Time complexity of this solution is O(x) where x is resultant number. Note that value of x is generally much larger than n.

Method 2: Constructing the nth palindrome

We can construct the nth binary palindrome in its binary representation directly using the below approach.
If we observe first few binary palindromes

 *         | nth Binary  |
       n   | Palindrome  |     Group
           |             |
--------------------------- Group 0
    1 --->  1 (1)
    

Group 1 (Will have binary representation of length 2*(1)
and 2*(1) + 1)

    Fix the first and last bit as 1 and insert nothing
    (|) in between. Length is 2*(1)
    2 --->  1|1 (3)     

    Fix the first and last bit as 1 and insert bit 0
    in between.
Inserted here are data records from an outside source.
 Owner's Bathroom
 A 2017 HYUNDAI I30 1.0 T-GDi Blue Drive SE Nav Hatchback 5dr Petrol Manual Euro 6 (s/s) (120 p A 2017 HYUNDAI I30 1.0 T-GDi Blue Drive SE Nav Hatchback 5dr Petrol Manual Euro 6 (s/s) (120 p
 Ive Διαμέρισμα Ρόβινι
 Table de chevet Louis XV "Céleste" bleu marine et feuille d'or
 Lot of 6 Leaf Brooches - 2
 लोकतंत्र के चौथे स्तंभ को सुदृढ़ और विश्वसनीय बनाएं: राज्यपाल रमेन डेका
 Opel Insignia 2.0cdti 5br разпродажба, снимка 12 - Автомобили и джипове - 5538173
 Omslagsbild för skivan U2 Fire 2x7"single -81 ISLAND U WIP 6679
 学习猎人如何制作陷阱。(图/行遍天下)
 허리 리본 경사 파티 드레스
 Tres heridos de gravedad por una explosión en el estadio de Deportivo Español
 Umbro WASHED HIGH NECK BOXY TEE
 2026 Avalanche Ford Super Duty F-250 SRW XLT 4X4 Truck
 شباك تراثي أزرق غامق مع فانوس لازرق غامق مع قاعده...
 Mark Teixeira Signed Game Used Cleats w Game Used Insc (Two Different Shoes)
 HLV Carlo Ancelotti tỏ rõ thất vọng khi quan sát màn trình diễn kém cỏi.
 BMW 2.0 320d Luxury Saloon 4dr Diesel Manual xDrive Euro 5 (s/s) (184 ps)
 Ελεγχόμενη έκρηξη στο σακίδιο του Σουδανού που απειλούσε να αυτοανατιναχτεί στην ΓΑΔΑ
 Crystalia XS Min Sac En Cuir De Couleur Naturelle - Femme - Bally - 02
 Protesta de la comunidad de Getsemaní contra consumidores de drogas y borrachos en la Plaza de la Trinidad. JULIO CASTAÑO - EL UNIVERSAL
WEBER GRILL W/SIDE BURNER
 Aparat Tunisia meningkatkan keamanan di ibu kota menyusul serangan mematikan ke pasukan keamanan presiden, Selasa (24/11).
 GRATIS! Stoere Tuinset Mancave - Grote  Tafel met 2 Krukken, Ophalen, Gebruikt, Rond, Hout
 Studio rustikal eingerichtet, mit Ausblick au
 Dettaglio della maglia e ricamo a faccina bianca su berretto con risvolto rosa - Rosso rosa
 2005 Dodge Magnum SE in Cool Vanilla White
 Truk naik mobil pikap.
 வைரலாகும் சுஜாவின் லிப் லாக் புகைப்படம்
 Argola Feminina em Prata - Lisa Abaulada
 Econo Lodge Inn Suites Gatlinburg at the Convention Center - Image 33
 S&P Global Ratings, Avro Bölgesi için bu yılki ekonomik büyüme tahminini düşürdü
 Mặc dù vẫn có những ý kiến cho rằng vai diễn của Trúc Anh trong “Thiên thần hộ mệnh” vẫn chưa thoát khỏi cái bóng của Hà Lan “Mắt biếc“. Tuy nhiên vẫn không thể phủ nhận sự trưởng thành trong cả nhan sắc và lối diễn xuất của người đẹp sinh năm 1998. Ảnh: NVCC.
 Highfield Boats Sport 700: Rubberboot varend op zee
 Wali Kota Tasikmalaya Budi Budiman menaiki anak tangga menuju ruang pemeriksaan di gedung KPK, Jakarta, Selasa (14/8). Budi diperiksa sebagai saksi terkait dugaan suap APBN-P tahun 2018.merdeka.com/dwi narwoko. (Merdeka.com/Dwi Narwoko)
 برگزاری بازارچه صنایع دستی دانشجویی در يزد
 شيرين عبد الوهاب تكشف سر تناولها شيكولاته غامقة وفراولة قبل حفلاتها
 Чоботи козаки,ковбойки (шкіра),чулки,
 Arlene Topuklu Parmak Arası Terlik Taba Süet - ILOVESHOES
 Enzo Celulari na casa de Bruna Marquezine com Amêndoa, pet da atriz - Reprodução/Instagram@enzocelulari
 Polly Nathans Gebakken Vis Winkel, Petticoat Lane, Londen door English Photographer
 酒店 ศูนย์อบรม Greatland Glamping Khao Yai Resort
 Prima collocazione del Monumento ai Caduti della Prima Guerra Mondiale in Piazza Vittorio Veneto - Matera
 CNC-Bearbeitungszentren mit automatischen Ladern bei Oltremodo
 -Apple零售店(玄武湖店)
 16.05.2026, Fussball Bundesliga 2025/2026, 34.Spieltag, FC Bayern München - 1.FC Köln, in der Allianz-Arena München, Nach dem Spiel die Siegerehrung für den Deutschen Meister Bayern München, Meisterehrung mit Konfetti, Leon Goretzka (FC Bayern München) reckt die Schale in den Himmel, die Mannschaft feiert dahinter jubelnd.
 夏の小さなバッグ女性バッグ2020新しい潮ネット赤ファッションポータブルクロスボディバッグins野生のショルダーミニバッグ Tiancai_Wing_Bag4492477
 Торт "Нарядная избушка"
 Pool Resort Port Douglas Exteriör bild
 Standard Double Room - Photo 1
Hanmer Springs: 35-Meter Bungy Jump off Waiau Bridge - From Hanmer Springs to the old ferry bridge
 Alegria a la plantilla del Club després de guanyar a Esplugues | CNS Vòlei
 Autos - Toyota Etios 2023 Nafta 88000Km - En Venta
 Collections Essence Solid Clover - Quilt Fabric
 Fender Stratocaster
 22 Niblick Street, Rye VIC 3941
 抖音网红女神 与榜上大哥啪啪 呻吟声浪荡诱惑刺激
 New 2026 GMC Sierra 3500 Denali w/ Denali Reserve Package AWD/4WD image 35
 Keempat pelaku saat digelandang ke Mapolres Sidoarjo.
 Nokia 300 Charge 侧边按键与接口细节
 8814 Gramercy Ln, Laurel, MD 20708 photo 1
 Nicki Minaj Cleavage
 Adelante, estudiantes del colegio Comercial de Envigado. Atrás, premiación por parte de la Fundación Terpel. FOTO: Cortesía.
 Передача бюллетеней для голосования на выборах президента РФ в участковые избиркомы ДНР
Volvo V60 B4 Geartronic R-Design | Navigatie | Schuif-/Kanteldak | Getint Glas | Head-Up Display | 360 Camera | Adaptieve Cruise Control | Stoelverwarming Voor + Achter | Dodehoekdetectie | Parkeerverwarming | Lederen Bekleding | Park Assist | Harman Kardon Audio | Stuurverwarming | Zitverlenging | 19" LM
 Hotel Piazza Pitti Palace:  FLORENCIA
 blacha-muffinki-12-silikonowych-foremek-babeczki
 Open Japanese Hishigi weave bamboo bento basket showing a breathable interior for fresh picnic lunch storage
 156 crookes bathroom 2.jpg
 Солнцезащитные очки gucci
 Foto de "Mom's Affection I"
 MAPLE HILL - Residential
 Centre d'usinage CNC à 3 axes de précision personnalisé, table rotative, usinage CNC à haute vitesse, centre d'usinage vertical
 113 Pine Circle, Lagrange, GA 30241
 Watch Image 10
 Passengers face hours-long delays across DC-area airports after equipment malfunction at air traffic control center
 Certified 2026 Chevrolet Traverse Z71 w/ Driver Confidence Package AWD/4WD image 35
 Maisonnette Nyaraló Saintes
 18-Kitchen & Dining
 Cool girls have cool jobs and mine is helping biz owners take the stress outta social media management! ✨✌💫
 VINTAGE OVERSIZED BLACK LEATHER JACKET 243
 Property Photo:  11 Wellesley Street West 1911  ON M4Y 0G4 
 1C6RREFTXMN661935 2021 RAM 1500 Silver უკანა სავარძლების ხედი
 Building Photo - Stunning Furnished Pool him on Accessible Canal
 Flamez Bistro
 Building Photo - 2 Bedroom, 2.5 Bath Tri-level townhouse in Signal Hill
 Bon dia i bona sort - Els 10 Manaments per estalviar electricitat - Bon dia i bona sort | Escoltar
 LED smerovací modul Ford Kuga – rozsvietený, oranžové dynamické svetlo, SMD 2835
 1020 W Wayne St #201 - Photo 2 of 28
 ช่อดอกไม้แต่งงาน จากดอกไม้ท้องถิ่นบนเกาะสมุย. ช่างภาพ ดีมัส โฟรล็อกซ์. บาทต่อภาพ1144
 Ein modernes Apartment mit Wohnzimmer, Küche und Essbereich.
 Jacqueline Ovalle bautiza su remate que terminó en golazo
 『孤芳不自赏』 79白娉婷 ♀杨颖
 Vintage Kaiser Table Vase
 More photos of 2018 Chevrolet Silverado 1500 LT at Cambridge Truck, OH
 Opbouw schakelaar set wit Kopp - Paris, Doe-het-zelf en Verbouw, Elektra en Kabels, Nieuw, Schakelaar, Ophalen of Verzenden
Length is 2*(1) + 1
    3 --->  101 (5)    

    Fix the first and last bit as 1 and insert bit 1 
    in between. Length is 2*(1) + 1 
    4 --->  111 (7)    
    F

Group 2 (Will have binary representation of length 
    2*(2) and 2*(2) + 1).  Fix the first and last 
    bit as 1 and insert nothing (|) at middle. 
    And put 0 in binary format in both directions 
    from middle. Length is 2*(2)
    5 --->  10|01       
    Fix the first and last bit as 1 and insert 
    nothing (|) at middle. And put 1 in binary 
    format in both directions from middle. 
    Length is 2*(2)
    6 --->  11|11      
    
    7 --->  10001      
    8 --->  10101     
    9 --->  11011     
    10 --->  11111      
    
Group 3 (Will have binary representation of 
        length 2*(3) and 2*(3) + 1)
    11 ---> 100|001    
    12 ---> 101|101    
    13 ---> 110|011    
    14 ---> 111|111  
    
    15 ---> 1000001  
    16 ---> 1001001  
    17 ---> 1010101  
    18 ---> 1011101  
    19 ---> 1100011  
    20 ---> 1101011  
    21 ---> 1110111    
    22 ---> 1111111 
-------------------- 

Algorithm:
1) We can divide the set of palindrome numbers into some groups.
2) n-th group will have (2^(n-1) + 2^n = 3 * 2 ^(n-1) ) number of binary palindromes
3) With the given number, we can find the group to which it belongs to and the offset in that group.
4) As the leading zeros are not to be considered, we should use bit 1 as the starting bit and ending bit of the number in binary representation
5) And we will fill other bits based on the groupno and groupoffset
6) Based on the offset, we can find which bit should be inserted at the middle (|(nothing) or 0 or 1) and
which number(in binary form) (1 or 2 or 3 or 4 or ..) should be placed in both directions from middle

Consider Below Example

Let us construct the 8th binary palindrome number
The group number will be 2, and no.of elements 
before that group are 1 + 3 * 2^1 which is 4

So the offset for the 8th element will be 8 - 4
 - 1 = 3

And first 2^(groupno - 1) = 2^1, elements will 
have even length(in binary representation) of
2*groupno, next 2^groupno elements will have odd 
length(in binary representation) of 2*groupno + 1

Place bit 1 as the first bit and as the last bit 
(firstbit: 0, last bit: 2*groupno or 2*groupno - 1)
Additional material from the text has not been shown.